Supplied data

══════

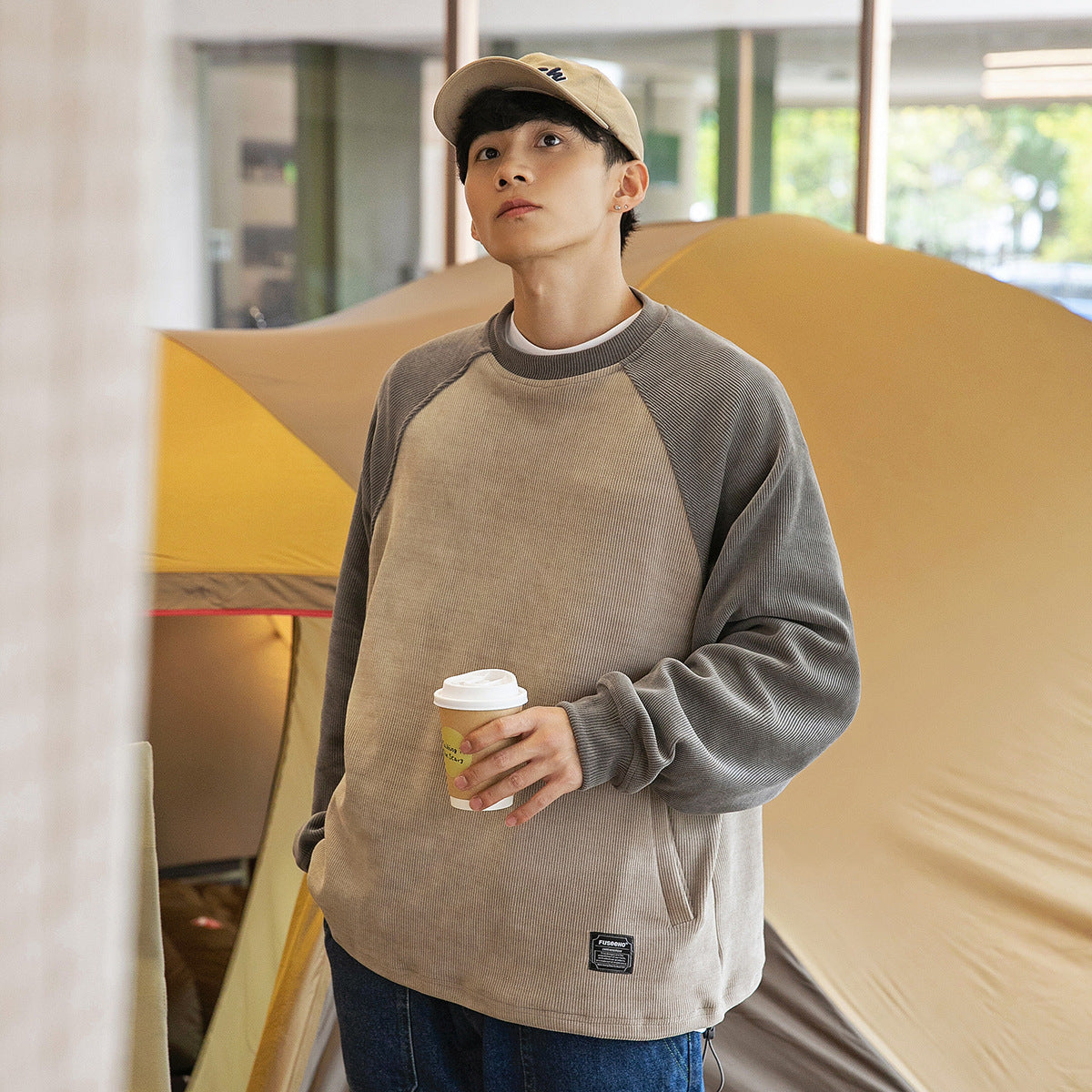 Model wearing a beige raglan sweatshirt with gray sleeves and a small hem label.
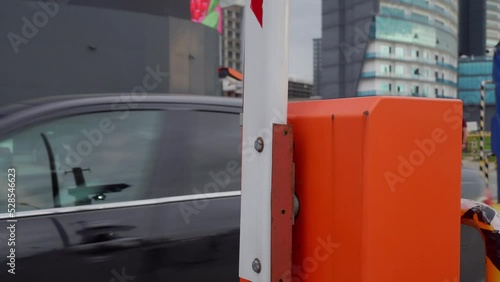 Wallpaper Mural Barrier is raised and car enters parking lot. Security system for access to building - with paid cabin, and video surveillance system. Barrier on car parking. Automatic security of territory of buildi Torontodigital.ca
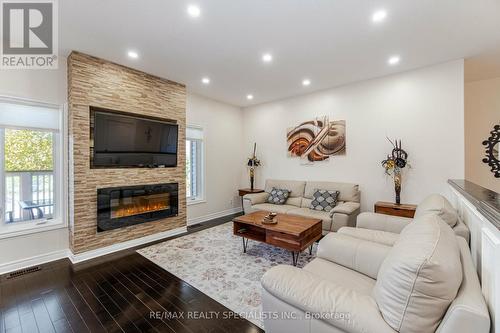 5761 Ironwood St, Niagara Falls, ON - Indoor Photo Showing Living Room With Fireplace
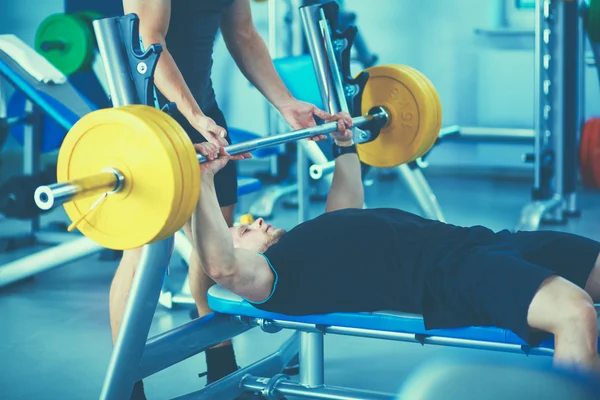 Giovane che solleva il bilanciere in palestra con l'istruttore — Foto Stock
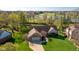 Aerial view features well-manicured lawns, mature trees, and a home with an attached garage at 4063 Millstream Rd, Greenwood, IN 46143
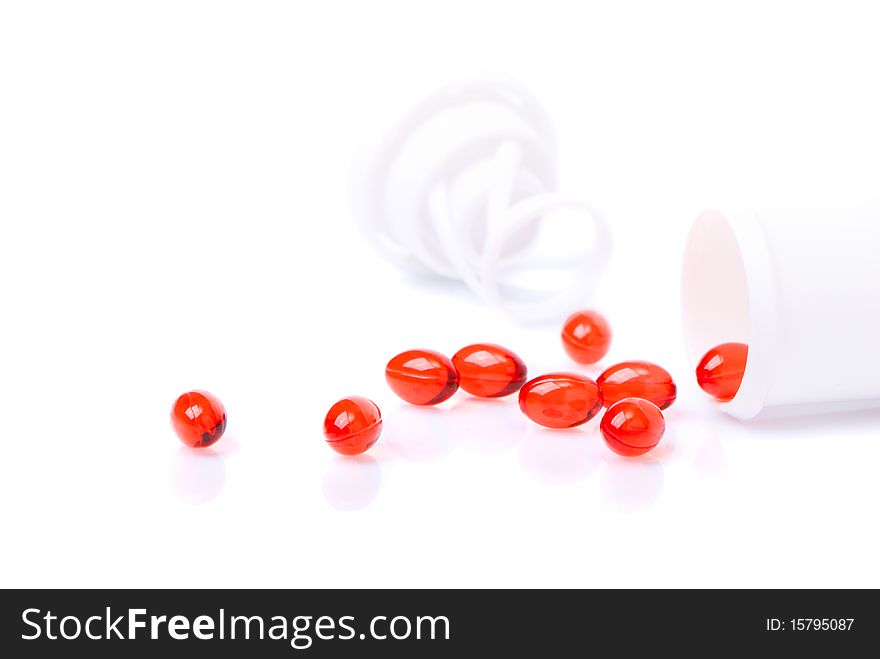 Red tablets scattered from the bottle isolated over white background. Red tablets scattered from the bottle isolated over white background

══════

Brief
Print the data above verbatim from the first line through the line holding "Aerial view features", leaving every picture out.

Answer for this exercise
 Model wearing a beige raglan sweatshirt with gray sleeves and a small hem label.
 Wallpaper Mural Barrier is raised and car enters parking lot. Security system for access to building - with paid cabin, and video surveillance system. Barrier on car parking. Automatic security of territory of buildi Torontodigital.ca
 5761 Ironwood St, Niagara Falls, ON - Indoor Photo Showing Living Room With Fireplace
 Giovane che solleva il bilanciere in palestra con l'istruttore — Foto Stock
 Aerial view features well-manicured lawns, mature trees, and a home with an attached garage at 4063 Millstream Rd, Greenwood, IN 46143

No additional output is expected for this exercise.